Health Reform Hangs on Two Tiny Words

Let the hair-splitting and flip-flopping begin.

Watch how fast the White House will backtrack from its position that health reforms insurance mandate really does not levy a tax, but a penalty, on taxpayers if they dont buy health insurance by 2014.

For the first time, the government will be forcing Americans to buy something, health insurance, via the reform bill's mandate if they don't have health insurance. If they don't buy health insurance, the new law says the government will slap them with a penalty.

The U.S. Court of Appeals for the 11th Circuit in Atlanta ruled today that health reforms mandate that all Americans buy health insurance by 2014 or pay a fine was an unconstitutional exercise of federal power. It did not strike down the rest of the law.

And here's the deal. So far, none of the six judges on the appeals court level who have been asked so far to weigh in on the constitutionality of health reform have accepted the government's argument that the individual mandate is justified due to Congress's constitutional power to tax.

Its a fight that is likely headed to the U.S. Supreme Court in President Barack Obamas re-election year in 2012.

And here's where the flip-flopping could begin, on tiny, hair-splitting words, words upon which health reform hangs in the balance.

The Justice Dept. last summer argued that health reforms insurance mandate was really a tax and not a  penalty.

That contradicted what the Administration and Democrats in Congress had said, that the mandate was actually a "penalty" and not a tax when they passed the law last year.

The Administration and Congress had specifically chosen not to call the penalty a tax in the law at that time.

Nor did the Congress say it was exercising its constitutional power to tax in enacting the individual mandate.

Calling the mandate a tax would have been a violation of President Barack Obama's pledge not to raise taxes on the middle class, meaning, any individual making under $200,000 per year, notes FOX News analyst James Farrell (on top of the estimated $438 billion in taxes in the reform bill).

With the new mandate, the White House and Democrats, even though they heatedly denied it, were creating a new tax.

When ABCs George Stephanopoulos asked the President in an interview if the mandate penalty fit the dictionary definition of a tax, the President replied, I absolutely reject that notion.

But in a brief it filed last summer defending health reform, the Justice Department under President Obama said the mandate is a valid exercise of Congresss power to impose taxes.
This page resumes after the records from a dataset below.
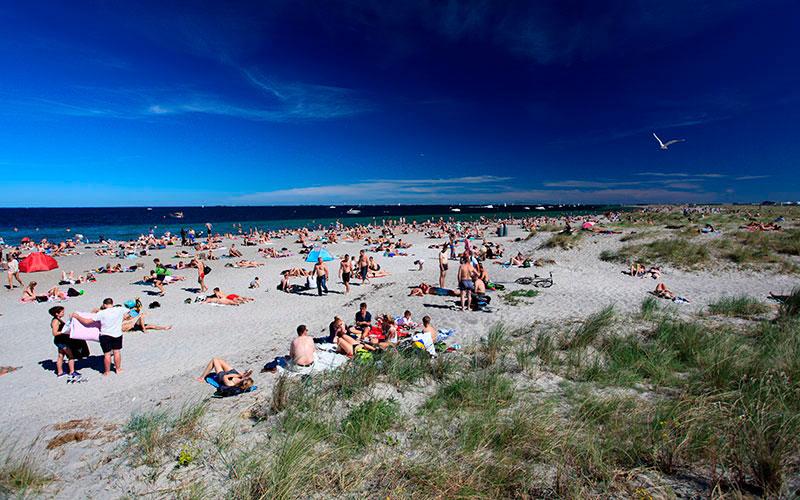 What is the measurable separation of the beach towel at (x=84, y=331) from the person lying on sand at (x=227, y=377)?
229cm

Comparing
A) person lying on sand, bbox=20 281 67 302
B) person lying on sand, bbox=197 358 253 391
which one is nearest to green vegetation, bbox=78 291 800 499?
person lying on sand, bbox=197 358 253 391

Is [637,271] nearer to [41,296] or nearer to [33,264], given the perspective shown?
[41,296]

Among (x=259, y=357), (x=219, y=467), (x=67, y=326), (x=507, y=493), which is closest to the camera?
(x=507, y=493)

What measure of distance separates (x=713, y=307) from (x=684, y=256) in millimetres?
8164

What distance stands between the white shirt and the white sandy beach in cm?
91

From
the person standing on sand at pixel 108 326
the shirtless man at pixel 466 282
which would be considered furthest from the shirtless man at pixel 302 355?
the shirtless man at pixel 466 282

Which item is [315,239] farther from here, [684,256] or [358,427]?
[358,427]

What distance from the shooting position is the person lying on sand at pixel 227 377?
5.66 m

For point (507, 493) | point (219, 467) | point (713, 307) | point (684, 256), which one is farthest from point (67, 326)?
point (684, 256)

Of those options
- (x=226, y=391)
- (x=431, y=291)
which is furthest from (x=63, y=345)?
(x=431, y=291)

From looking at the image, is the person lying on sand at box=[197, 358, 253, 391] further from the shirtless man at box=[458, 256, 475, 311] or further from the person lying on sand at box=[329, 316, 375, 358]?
the shirtless man at box=[458, 256, 475, 311]

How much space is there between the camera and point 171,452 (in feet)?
12.1

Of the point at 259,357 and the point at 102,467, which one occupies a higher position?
the point at 102,467

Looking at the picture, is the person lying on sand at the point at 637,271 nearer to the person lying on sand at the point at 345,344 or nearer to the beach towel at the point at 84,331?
the person lying on sand at the point at 345,344
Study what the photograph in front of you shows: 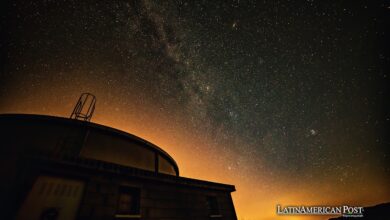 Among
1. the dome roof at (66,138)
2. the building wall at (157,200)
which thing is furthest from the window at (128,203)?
the dome roof at (66,138)

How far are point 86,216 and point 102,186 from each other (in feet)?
4.01

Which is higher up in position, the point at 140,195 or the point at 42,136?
the point at 42,136

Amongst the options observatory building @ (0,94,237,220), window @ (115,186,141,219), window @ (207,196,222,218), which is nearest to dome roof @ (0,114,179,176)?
observatory building @ (0,94,237,220)

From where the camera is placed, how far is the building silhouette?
22.7 ft

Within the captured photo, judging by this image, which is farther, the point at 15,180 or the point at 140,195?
the point at 140,195

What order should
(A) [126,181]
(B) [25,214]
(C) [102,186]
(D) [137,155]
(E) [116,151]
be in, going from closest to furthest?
1. (B) [25,214]
2. (C) [102,186]
3. (A) [126,181]
4. (E) [116,151]
5. (D) [137,155]

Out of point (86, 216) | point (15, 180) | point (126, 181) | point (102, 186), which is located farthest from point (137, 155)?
point (15, 180)

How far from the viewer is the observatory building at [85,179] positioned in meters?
6.91

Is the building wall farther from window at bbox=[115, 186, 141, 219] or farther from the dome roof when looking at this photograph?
the dome roof

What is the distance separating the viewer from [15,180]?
6984 mm

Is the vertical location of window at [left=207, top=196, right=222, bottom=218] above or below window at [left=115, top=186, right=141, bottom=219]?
above

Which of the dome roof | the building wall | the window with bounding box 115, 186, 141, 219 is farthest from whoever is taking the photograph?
the dome roof

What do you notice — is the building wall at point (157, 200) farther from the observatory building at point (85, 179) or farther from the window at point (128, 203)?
the window at point (128, 203)

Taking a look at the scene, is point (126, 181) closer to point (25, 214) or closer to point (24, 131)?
point (25, 214) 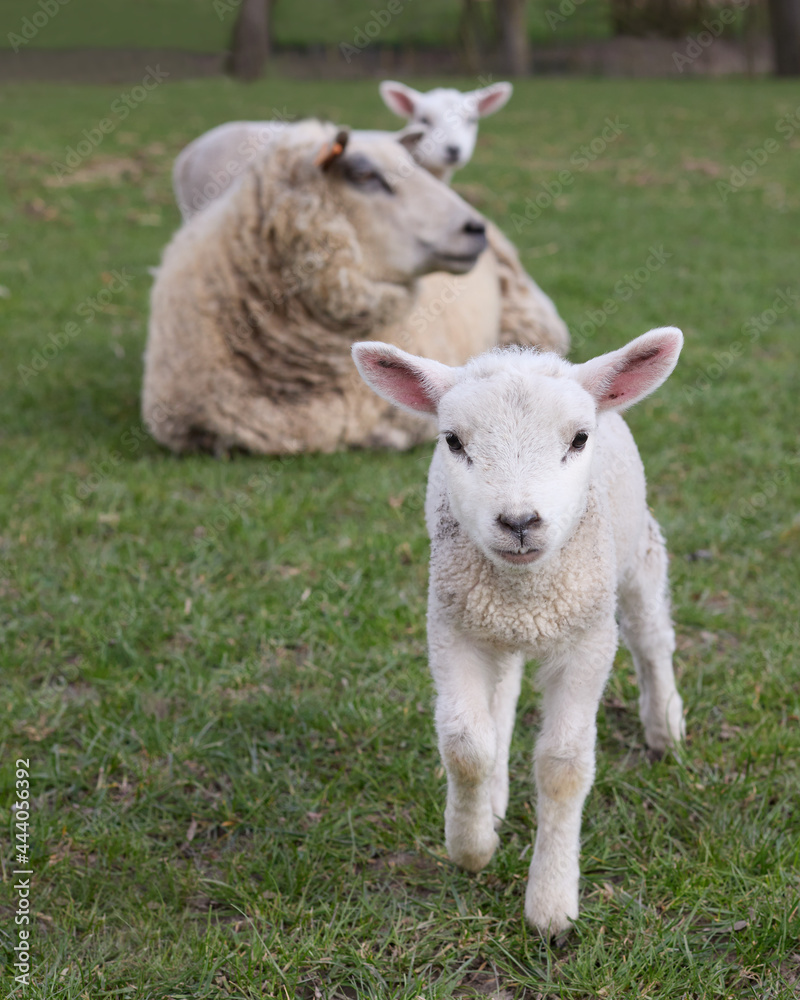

The Justice Dept. also argued that Congress can use its constitutional power to tax even for purposes that would exceed its powers under other provisions of the Constitution.

Justice also said that for more than 100 years, the U.S. Supreme Court has upheld that Congress can tax activities that it cannot reach via its constitutional power to regulate commerce.

And the Justice Dept. argued the penalty is a tax because it will raise a lot of federal revenue, about $4 billion a year by 2017, says to the nonpartisan Congressional Budget Office.

Justice noted that health reform altered the tax code to take into account the IRSs powers to collect and impose the penalty, as well as the fact that the reform bill says taxpayers must report it on their tax returns as an addition to income tax liability.

But the federal appeals court in Atlanta ruled that Congresss power to tax still does not provide an alternative constitutional basis for upholding this unprecedented individual mandate. In fact, judicial experts note that Congress's power to tax is even more sweeping than the federal power to regulate interstate commerce, which the Administration argues supports the health reform mandate.

The latest ruling upholding a challenge to reform by a group of 26 states counters a decision that upholds the mandates constitutionality in June by the federal appeals court in Cincinnati.